# [INSTRUCTIONS TO FOLLOW]
Could you transcribe exactly the lines below, from the line with "Badge Décobois Conseils avisés depuis 2001" through the line with "2N4867A - InterFET - PCB symbol", and nothing else, leaving out the pictures?

** Opening DATASET RECORDS block **

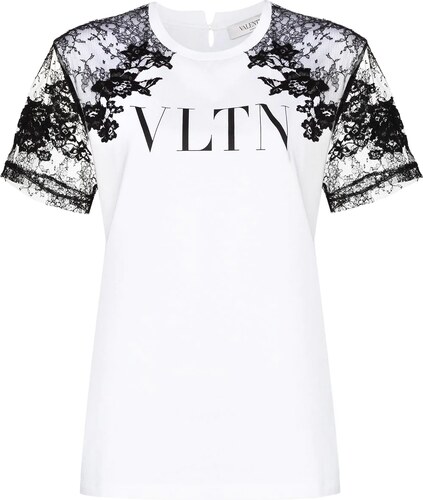 T-shirt VLTN con stampa di Valentino in Bianco Donna Abbigliamento da T-shirt e top 
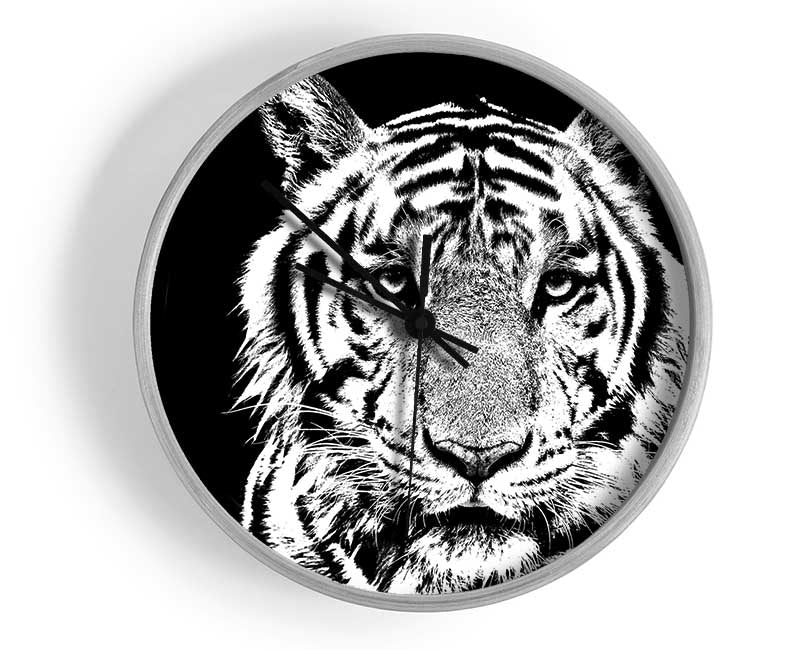 Stunning Tiger Face Clock - Wallart-Direct UK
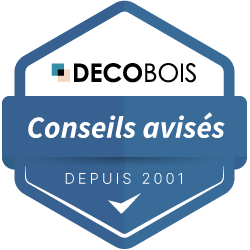 Badge Décobois Conseils avisés depuis 2001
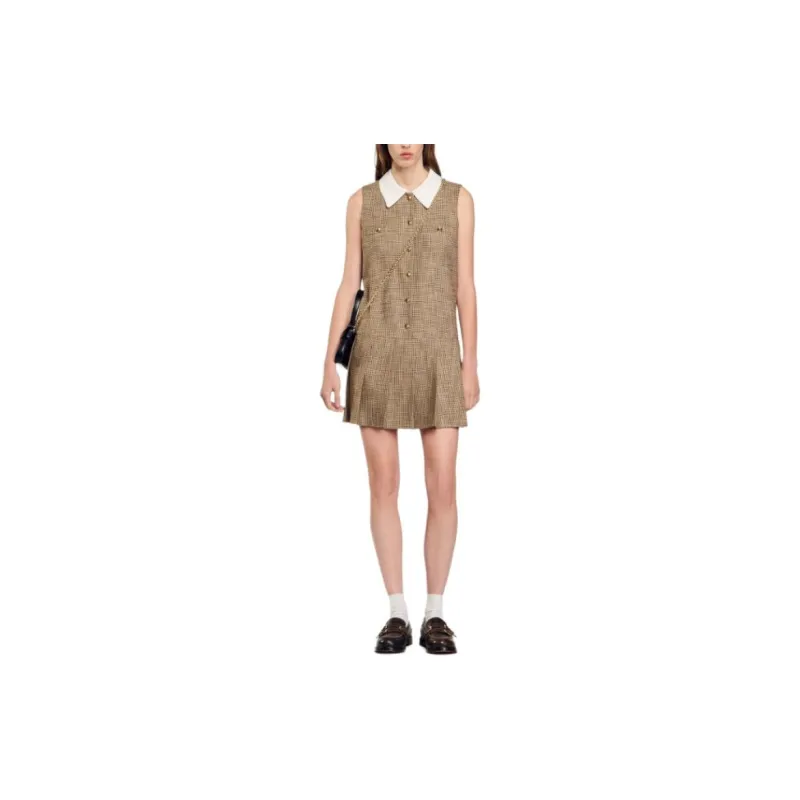 Sandro Houndstooth pattern Mini Dress-1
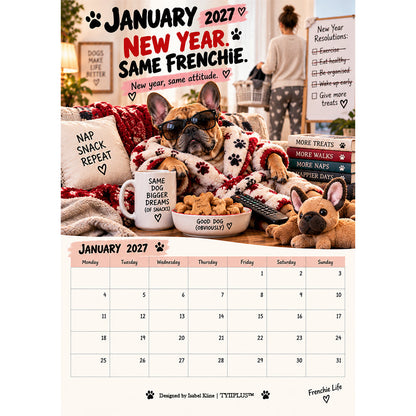 🐶 2027 French Bulldog Calendar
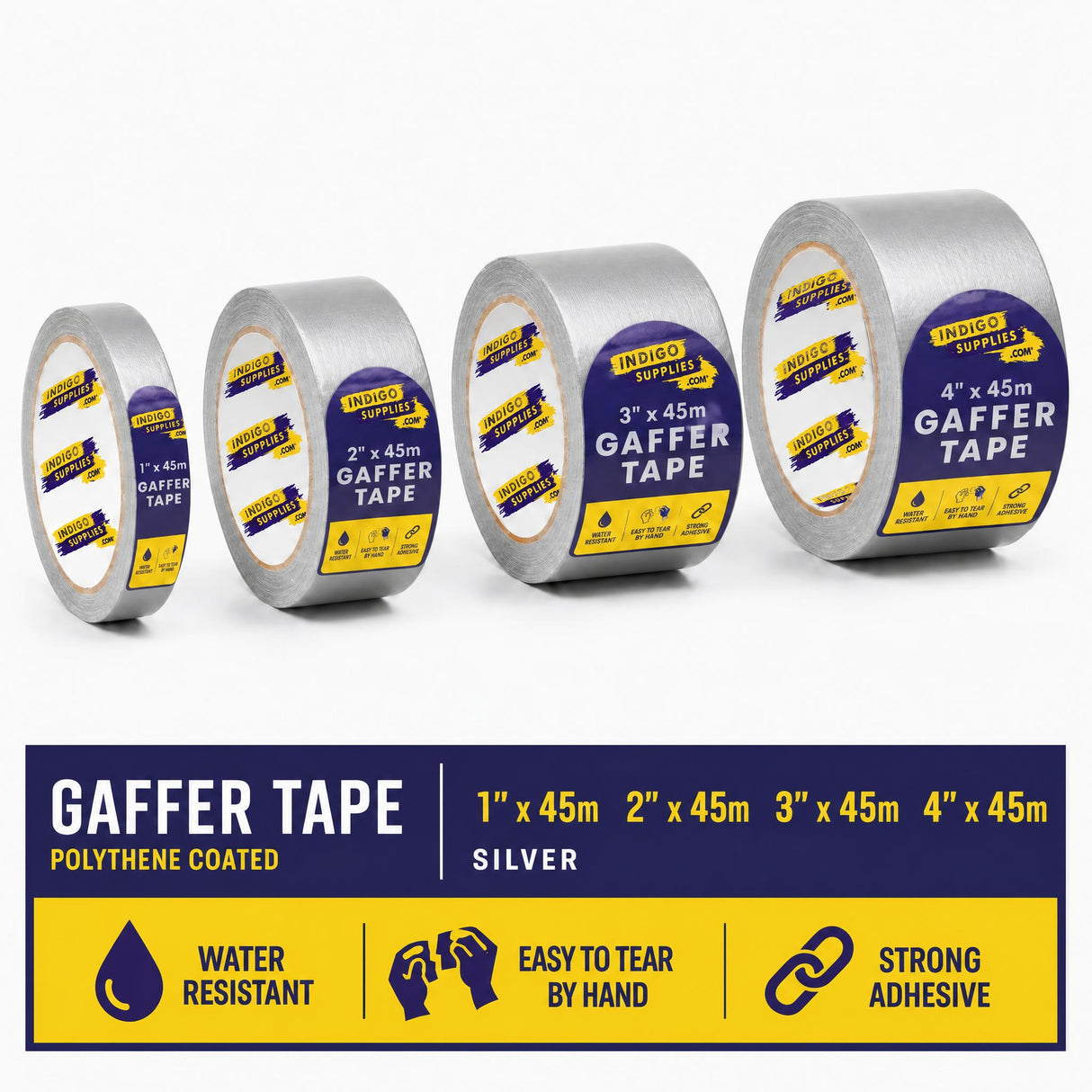 gaffer tape cloth duck duct adhesive tape uk essex silver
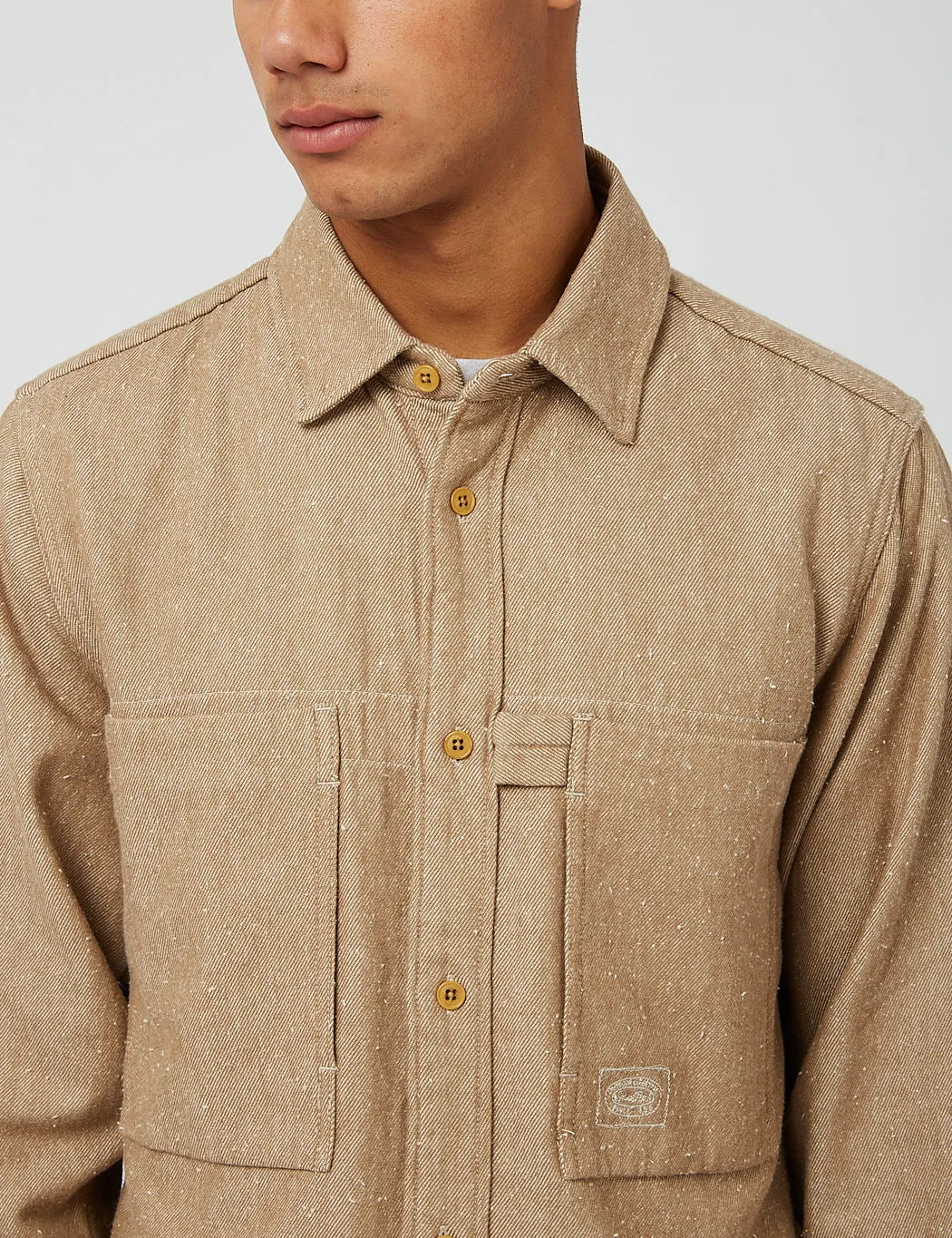 Snow Peak Camping Flannel Utility Shirt - Brown sold by Article London product image thumbnail 3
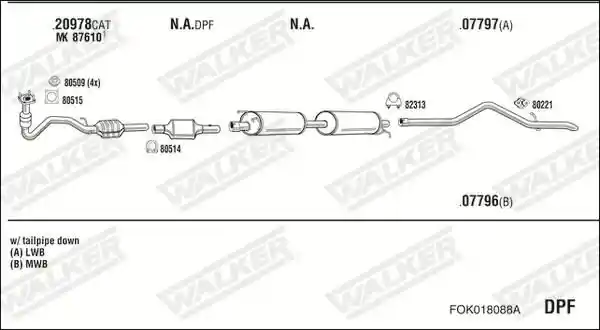 WALKER FOK018088A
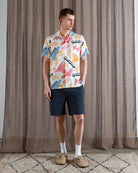 Far Afield - Stachio Shirt - Multi Colour Beach Therapy Print - City Workshop Men's Supply Co.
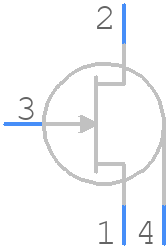 2N4867A - InterFET - PCB symbol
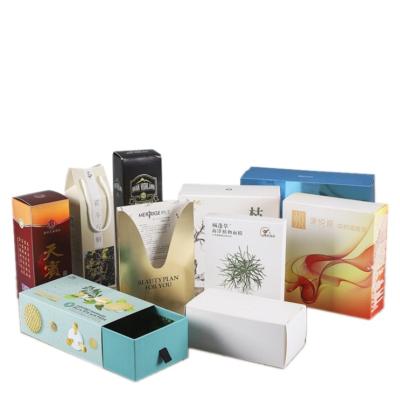 China Recyclable Printing Paper Retail Packaging Box Recyclable Cosmetic Body Care Products Skin Care Products Package Box Design for sale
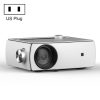 YG430 1080P 5G Mobile Phone Wireless Multi-Screen Version Home Projector Office HD Mini Portable Projector, Plug Type：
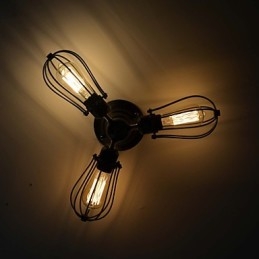 Perinteinen klassinen vintage mini-tyylinen maalaus metalliin uppoteline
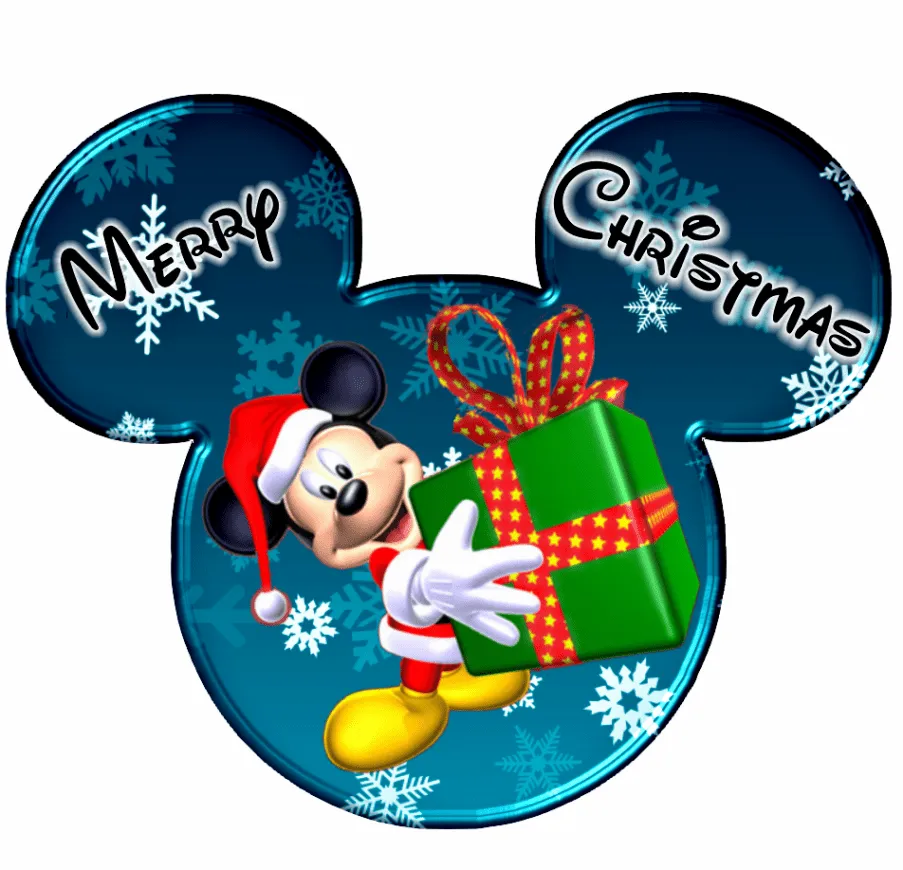 Imprimibles de Disney para Navidad con Mickey y Minnie. - Ideas y material  gratis para fiestas y celebraciones Oh My Fiesta!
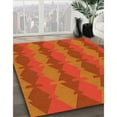 thumbnail image 3 of Ahgly Company Machine Washable Indoor Rectangle Transitional Neon Orange Area Rugs, 7' x 10', 3 of 7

** Closing DATASET RECORDS block **

# [SOLVED PROBLEM]
 Badge Décobois Conseils avisés depuis 2001
 Sandro Houndstooth pattern Mini Dress-1
 🐶 2027 French Bulldog Calendar
 gaffer tape cloth duck duct adhesive tape uk essex silver
 Snow Peak Camping Flannel Utility Shirt - Brown sold by Article London product image thumbnail 3
 WALKER FOK018088A
 Far Afield - Stachio Shirt - Multi Colour Beach Therapy Print - City Workshop Men's Supply Co.
 2N4867A - InterFET - PCB symbol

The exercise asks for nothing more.